Gamma Globulin & Rituximab Combo Therapy To Help Kidney Transplants
Submitted by Carina Rose on Thu, 07/17/2008 - 06:50
Cedars-Sinai Medical Center in Los Angeles has developed a new therapy which will improve transplant rates as well as outcomes for patients who are waiting for transplants. The report, published in New England Journal of Medicine, said that the protocol raised the kidney rate from 10% to 80% and provide an option to patients who are sensitized to previous transplants and would not have been eligible for transplants.

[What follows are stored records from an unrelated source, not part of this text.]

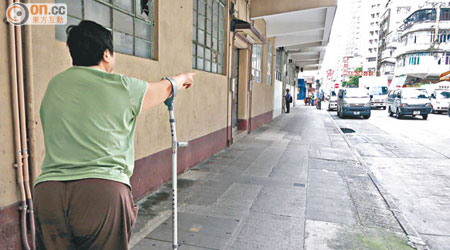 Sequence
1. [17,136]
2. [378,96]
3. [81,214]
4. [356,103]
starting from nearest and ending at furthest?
[81,214], [17,136], [356,103], [378,96]

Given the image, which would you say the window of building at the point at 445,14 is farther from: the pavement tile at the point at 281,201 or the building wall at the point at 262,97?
the pavement tile at the point at 281,201

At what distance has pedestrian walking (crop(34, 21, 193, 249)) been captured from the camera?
4.88ft

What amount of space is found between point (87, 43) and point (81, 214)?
0.81 m

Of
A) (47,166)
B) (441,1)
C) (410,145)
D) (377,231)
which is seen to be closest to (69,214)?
Answer: (47,166)

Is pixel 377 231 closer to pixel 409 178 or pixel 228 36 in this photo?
pixel 409 178

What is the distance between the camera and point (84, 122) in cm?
149

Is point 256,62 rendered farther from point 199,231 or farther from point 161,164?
point 199,231

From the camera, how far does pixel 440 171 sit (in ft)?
22.7

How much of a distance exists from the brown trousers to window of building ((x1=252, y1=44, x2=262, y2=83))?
10.5m

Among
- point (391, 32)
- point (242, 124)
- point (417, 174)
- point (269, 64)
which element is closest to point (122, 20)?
point (417, 174)

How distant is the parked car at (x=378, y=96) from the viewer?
30.5 meters

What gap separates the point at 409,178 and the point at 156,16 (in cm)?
564

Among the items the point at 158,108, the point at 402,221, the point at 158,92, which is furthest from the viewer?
the point at 158,108

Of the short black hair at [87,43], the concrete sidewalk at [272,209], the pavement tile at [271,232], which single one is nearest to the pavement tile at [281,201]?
the concrete sidewalk at [272,209] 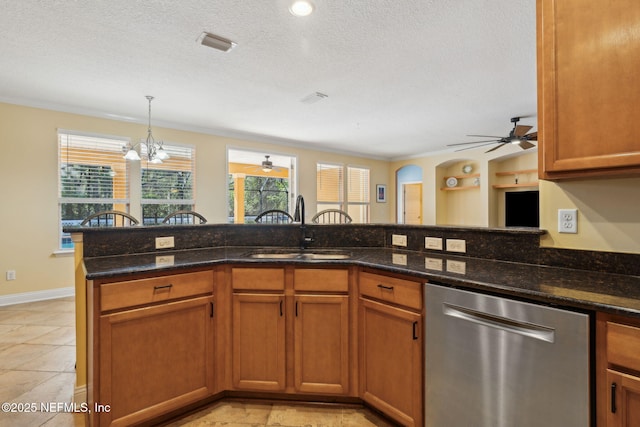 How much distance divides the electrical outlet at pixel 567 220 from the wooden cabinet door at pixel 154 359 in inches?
76.6

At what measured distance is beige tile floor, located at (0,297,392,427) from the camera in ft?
5.74

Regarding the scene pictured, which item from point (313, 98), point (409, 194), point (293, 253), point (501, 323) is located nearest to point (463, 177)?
point (409, 194)

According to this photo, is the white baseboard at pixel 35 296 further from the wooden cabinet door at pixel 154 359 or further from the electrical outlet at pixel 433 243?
the electrical outlet at pixel 433 243

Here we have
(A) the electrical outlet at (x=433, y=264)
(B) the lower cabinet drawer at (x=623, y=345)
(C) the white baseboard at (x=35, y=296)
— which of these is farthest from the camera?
(C) the white baseboard at (x=35, y=296)

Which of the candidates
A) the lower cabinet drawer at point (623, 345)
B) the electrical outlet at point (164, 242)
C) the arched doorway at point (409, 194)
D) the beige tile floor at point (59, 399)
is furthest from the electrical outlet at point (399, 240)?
the arched doorway at point (409, 194)

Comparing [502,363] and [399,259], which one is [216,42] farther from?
[502,363]

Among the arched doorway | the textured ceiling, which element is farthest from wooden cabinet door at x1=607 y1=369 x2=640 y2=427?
the arched doorway

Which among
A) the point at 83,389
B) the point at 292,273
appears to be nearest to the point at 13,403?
the point at 83,389

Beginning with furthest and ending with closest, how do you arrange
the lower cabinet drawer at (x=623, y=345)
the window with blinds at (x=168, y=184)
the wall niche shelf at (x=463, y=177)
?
the wall niche shelf at (x=463, y=177) < the window with blinds at (x=168, y=184) < the lower cabinet drawer at (x=623, y=345)

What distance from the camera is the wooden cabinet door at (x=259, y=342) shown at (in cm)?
183

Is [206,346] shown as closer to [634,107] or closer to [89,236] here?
[89,236]

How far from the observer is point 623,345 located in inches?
38.8

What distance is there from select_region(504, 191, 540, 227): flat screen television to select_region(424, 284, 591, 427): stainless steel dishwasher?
6.14 meters

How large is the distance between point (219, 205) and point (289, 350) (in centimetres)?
408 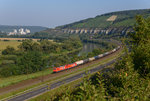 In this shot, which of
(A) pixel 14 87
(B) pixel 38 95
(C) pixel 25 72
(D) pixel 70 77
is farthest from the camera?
(C) pixel 25 72

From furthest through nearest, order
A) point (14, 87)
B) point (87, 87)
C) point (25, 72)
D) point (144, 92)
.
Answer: point (25, 72)
point (14, 87)
point (144, 92)
point (87, 87)

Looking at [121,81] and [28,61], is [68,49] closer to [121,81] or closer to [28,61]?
[28,61]

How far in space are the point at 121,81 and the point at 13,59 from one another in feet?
321

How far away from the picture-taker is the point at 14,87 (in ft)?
158

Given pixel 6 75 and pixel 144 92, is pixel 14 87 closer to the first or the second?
pixel 6 75

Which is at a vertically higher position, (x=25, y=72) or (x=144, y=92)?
(x=144, y=92)

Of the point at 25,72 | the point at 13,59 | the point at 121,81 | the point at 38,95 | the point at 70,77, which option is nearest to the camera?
the point at 121,81

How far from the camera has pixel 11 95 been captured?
41312 millimetres

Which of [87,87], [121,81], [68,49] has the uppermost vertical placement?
[87,87]

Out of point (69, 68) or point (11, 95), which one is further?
point (69, 68)

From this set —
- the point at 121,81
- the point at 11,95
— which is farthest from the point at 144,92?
the point at 11,95

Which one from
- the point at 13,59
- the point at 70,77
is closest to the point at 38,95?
the point at 70,77

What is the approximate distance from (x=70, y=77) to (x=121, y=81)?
47.0 metres

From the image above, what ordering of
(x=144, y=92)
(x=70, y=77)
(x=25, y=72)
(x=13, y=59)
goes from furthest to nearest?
(x=13, y=59), (x=25, y=72), (x=70, y=77), (x=144, y=92) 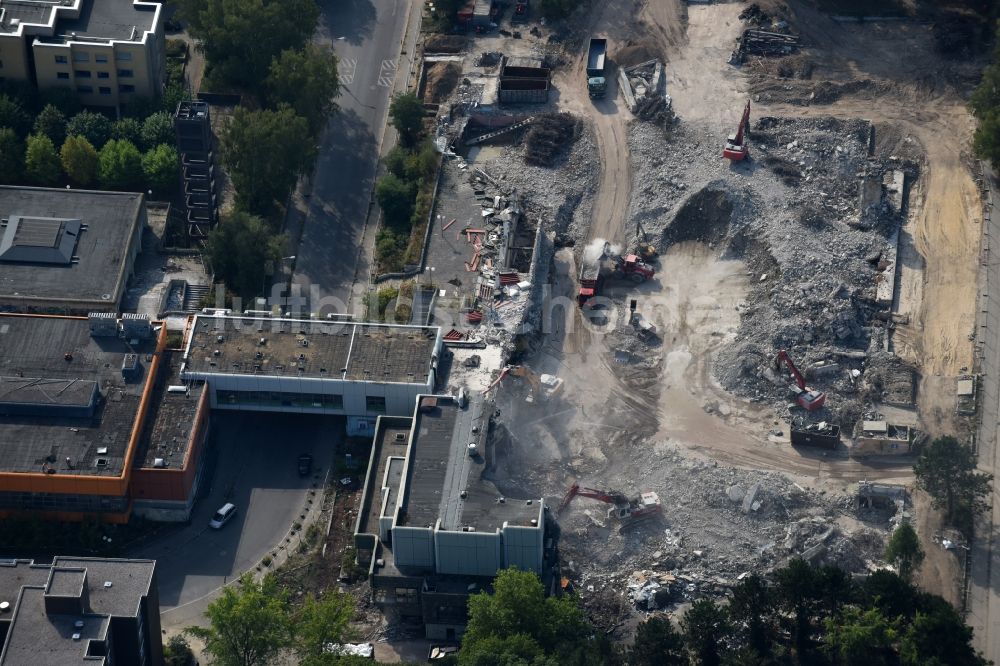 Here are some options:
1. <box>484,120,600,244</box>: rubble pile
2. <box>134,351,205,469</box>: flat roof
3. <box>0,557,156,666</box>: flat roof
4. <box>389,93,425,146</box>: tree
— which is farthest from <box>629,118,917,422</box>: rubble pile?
<box>0,557,156,666</box>: flat roof

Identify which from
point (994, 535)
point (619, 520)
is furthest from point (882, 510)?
point (619, 520)

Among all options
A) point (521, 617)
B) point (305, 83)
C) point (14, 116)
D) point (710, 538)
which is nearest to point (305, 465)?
point (521, 617)

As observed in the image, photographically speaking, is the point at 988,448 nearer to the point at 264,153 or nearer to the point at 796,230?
the point at 796,230

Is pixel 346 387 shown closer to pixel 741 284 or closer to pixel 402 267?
pixel 402 267

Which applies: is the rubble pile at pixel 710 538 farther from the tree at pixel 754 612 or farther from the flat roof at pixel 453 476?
the flat roof at pixel 453 476

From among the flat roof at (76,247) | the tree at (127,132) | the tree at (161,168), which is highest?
the tree at (127,132)

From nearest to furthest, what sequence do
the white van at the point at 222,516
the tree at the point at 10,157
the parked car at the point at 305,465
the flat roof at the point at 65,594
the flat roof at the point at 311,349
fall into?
the flat roof at the point at 65,594, the white van at the point at 222,516, the parked car at the point at 305,465, the flat roof at the point at 311,349, the tree at the point at 10,157

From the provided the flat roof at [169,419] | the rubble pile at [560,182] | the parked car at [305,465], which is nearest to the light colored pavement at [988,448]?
the rubble pile at [560,182] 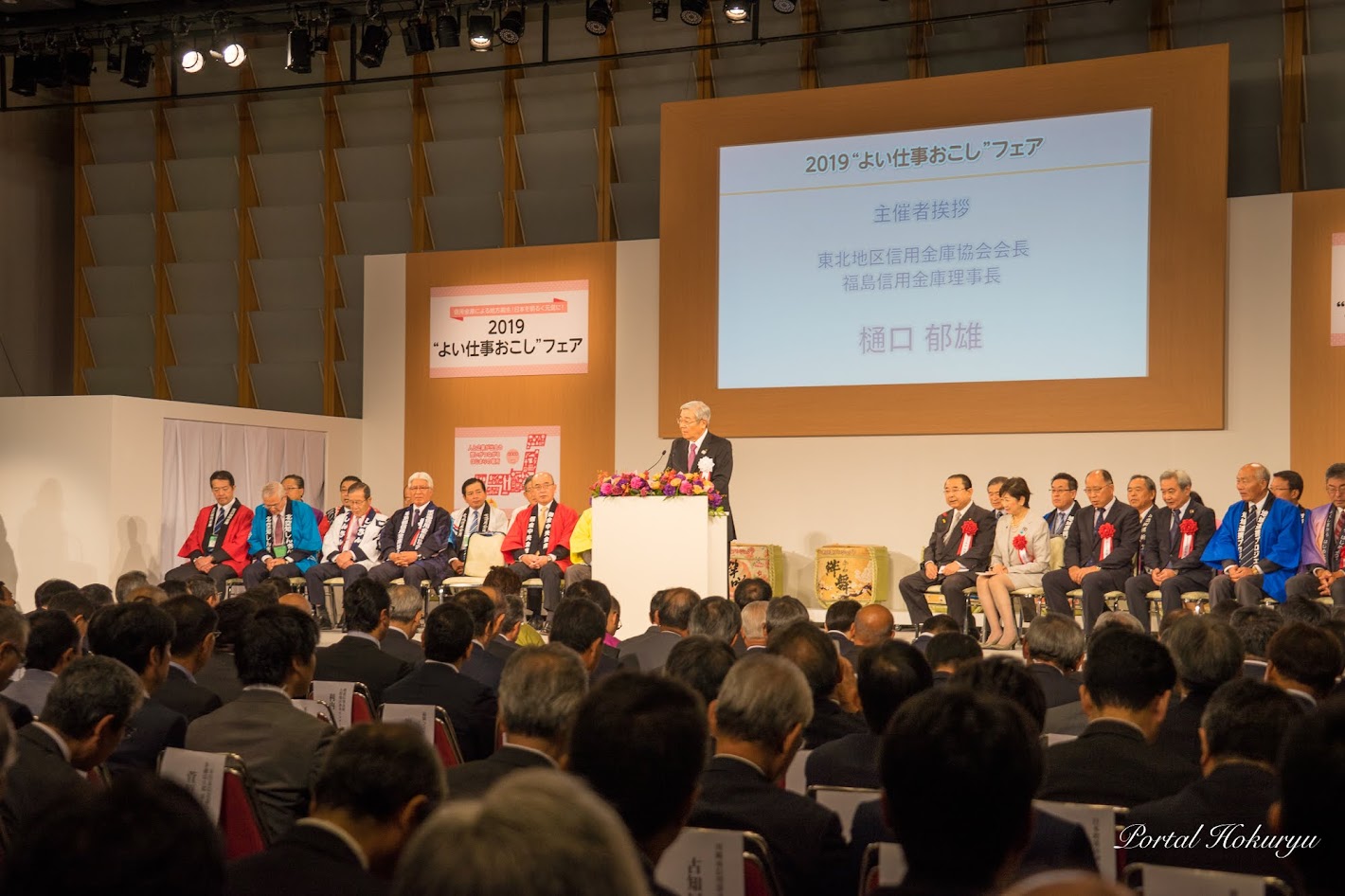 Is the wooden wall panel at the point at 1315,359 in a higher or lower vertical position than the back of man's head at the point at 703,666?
higher

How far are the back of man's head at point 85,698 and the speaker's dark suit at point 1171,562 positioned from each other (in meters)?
6.42

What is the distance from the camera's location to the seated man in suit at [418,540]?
31.9ft

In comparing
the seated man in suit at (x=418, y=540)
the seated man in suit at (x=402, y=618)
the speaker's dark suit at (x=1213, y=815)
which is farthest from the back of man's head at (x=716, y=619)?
the seated man in suit at (x=418, y=540)

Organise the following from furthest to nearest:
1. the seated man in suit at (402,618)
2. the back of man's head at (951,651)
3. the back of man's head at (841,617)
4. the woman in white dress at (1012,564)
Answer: the woman in white dress at (1012,564)
the back of man's head at (841,617)
the seated man in suit at (402,618)
the back of man's head at (951,651)

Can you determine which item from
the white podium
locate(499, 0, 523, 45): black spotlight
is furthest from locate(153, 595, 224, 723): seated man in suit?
locate(499, 0, 523, 45): black spotlight

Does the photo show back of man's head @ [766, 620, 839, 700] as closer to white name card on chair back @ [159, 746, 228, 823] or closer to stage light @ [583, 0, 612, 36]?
white name card on chair back @ [159, 746, 228, 823]

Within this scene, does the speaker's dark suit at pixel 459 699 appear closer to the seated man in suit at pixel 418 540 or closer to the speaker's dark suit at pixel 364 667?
the speaker's dark suit at pixel 364 667

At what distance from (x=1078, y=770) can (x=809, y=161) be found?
809cm

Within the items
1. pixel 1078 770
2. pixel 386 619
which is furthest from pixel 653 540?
pixel 1078 770

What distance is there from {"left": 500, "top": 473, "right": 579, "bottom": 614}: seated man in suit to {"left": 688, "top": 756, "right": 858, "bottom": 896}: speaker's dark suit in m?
7.17

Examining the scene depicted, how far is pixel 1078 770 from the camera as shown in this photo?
2.70 metres

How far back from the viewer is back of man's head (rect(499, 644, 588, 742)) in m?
2.70

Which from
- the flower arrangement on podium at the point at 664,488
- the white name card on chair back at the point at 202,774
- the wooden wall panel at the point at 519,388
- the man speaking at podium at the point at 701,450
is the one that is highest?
the wooden wall panel at the point at 519,388

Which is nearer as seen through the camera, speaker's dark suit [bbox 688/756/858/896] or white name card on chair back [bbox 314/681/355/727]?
speaker's dark suit [bbox 688/756/858/896] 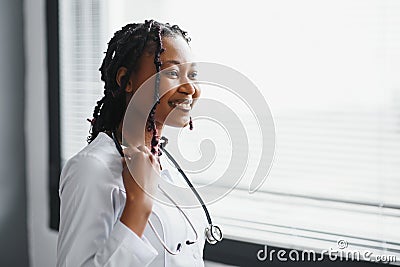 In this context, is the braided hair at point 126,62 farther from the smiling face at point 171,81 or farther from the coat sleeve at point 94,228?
the coat sleeve at point 94,228

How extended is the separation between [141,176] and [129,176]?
1.0 inches

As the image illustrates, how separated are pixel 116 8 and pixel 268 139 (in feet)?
2.52

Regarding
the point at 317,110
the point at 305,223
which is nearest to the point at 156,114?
the point at 317,110

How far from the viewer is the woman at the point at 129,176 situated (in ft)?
3.47

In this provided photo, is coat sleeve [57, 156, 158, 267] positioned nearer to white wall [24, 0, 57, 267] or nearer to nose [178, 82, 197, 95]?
nose [178, 82, 197, 95]

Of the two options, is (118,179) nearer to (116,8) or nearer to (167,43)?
(167,43)

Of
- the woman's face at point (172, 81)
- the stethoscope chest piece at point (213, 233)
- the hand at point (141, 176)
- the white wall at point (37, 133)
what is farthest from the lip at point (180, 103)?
the white wall at point (37, 133)

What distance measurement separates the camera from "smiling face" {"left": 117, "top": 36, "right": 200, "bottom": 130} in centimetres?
114

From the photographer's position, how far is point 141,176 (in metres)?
1.08

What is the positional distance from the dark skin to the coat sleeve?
32mm

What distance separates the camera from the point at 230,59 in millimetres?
1843

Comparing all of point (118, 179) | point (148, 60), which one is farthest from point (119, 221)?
point (148, 60)

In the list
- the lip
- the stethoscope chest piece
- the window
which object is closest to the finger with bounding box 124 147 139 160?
the lip

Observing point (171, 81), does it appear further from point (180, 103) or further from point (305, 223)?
point (305, 223) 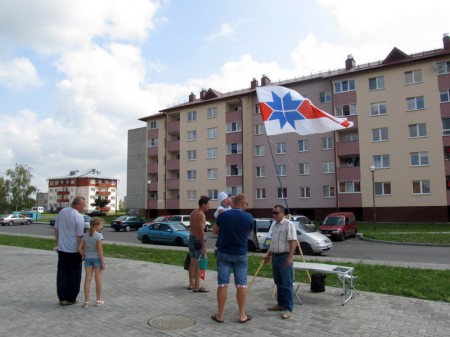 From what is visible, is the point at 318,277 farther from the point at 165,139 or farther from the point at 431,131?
the point at 165,139

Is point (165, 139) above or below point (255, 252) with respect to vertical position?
above

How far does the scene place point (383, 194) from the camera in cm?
3578

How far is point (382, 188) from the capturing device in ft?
118

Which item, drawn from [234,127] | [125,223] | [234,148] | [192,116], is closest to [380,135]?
[234,148]

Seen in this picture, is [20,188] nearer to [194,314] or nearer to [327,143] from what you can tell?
[327,143]

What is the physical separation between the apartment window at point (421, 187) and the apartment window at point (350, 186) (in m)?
4.85

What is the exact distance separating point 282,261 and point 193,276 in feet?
7.85

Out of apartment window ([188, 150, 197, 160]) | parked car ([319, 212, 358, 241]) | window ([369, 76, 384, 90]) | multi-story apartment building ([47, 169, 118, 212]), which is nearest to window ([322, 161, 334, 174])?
window ([369, 76, 384, 90])

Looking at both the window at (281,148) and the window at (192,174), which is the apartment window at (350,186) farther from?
the window at (192,174)

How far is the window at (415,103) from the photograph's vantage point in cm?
3481

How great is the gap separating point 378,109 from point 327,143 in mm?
5871

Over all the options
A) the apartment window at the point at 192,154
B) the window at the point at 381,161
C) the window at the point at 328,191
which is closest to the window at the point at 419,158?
the window at the point at 381,161

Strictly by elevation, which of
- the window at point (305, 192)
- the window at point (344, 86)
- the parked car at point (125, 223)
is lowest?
the parked car at point (125, 223)

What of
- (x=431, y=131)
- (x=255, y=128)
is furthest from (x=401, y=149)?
(x=255, y=128) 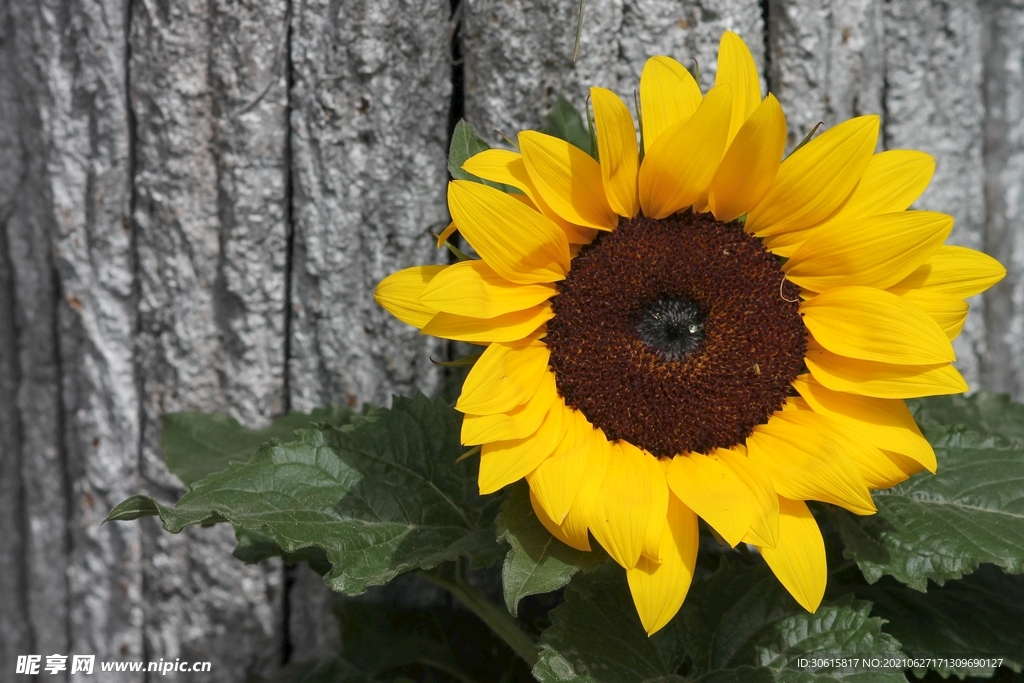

Dr. Stanley Jordan, director of the Division of Nephrology and medical director of the Renal Transplant Program at Cedars-Sinai, who led the study, said, "Patients who are on dialysis and those who are progressing toward renal failure should be considered for a kidney transplant." Jordan said, "However, for the highly sensitized patient, transplantation is not an option unless desensitization therapies are used."
The new protocol, now in trial, combines intravenous gamma globulin and rituximab, a monoclonal antibody which helps in desensitizing patients. HLA exposure leads the body’s immune system to develop antibodies and become immune. If a donor organ is transplanted with the antigens, the chances of rejection increase greatly. Till now this was a deterrent to some transplant cases.